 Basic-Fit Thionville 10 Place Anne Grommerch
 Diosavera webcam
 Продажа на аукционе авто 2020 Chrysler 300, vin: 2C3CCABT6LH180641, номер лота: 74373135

◆ ASSIGNMENT: Repeat the listing above line by line, exactly as written.

◆ RESPONSE FOR THIS EXERCISE:
 Basic-Fit Thionville 10 Place Anne Grommerch
 Diosavera webcam
 Продажа на аукционе авто 2020 Chrysler 300, vin: 2C3CCABT6LH180641, номер лота: 74373135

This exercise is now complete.